For testing, I followed these steps with a sample plugin:

  1. Install colorpicker6.rhi from food4rhino
  2. Verify plugin is installed/working with the ColorPicker command
  3. Restart Rhino
  4. Install ColorPicker via the package manager
  5. Observe error: Unable to load ColorPicker.rhp plug-in: ID already in use.
  6. Restart Rhino
  7. Observe error: Error loading - ColorPicker. Note that a version of the ColorPicker is installed but since Rhino is trying to load both this error happens on every launch.

What we’d like to do is prompt everyone to update without bricking existing installs, following the process:

  1. We use our existing update method to ship a new version that has the capability for checking for future updates via the package manager
  2. When we publish another update, the user is prompted to update with the package manager
  3. The user updates via Yak and and all future updates are managed in this way :slight_smile:

Is this feasible?

1 Like

Anyone?

I see notices for the depreciation of the rhi format but no graceful upgrade path:

I don’t have a plugin in this situation, but a few points:

I don’t understand the purpose of step 1.

Why not ship this update at a point when you know that you’re ready to switch to Package Manager and the update is sitting there waiting? Why do you need to build in the ability to look for exactly which version number update is available in Package Manager or hit a server at all to know this?
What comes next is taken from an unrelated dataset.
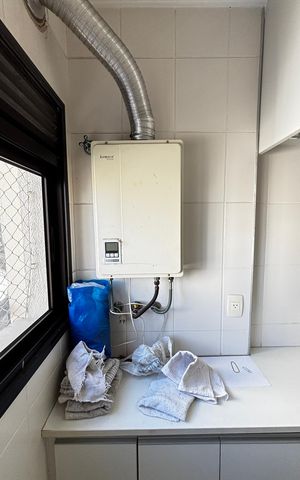 Apartamento à venda com 141m², 3 quartos e 4 vagasÁrea de Serviço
I would suggest breaking ID numbers (not sure what Mac uses?) so that the plugin looks like a new plugin to Rhino: it installs cleanly and doesn’t have any filename/path collisions.

Build the ability to remove the old version into the new version. That part might include some unloading of the existing one if Rhino supports it and if Mac views the file as free to delete at that point or some other mechanism like a little separate executable that the plugin starts while Rhino is running and waits until it closes, or that the user is instructed to run while Rhino isn’t running- whatever’s convenient.

Hey @camnewnham,

Part 1

Updates

  1. You can definitely use your CI to Build and Publish a Yak Package. As you’ve found.

  2. For updates, I see a few options
    2.1 - You can more simply do a local check with yak.exe or for Mac there is a script mentioned in this page, but Rhino 8 only Rhino - What is the Package Manager?
    2.2 - To keep things universal you could the Yak Endpoints instead to get a more cross platform version which would return some nice JSON e.g → https://yak.rhino3d.com/packages/ColorPicker

  3. You can open the PackageManager to a specific plugin page by calling

RhinoApp.RunScript("-PackageManager Search MyPluginName", false);

Part 2

You’re spot on here I can’t help with this bit and it’s a bit of a pain for us too.

– cs

Yes - that is the intention for the first version.
The reason for including a version check within the plugin is to be able to notify people when an update is available as this is for a web-connected service. Though @csykes has pointed out that this is easy enough - thanks!

I think that is good enough for the first part Checking for Updates


Good idea - I hadn’t considered that. The plugin in question also bundles a grasshopper plugin, so changing Ids could be painful (though perhaps only changing the Rhino plugin Id would be necessary).

And this is still somewhat problematic if the new version won’t load because the old one is still installed :confused:

I’m hoping there’s a simpler solution…

For posterity, the route I went down was:

  1. Keep the legacy infrastructure in place. Existing users continue to use existing update mechanism.
  2. Put new users on the Yak “track”. Update prompts launch the Package Manager.

Eventually (Rhino 9 :rofl:) legacy infrastructure will be deprecated, until then I will need to maintain both.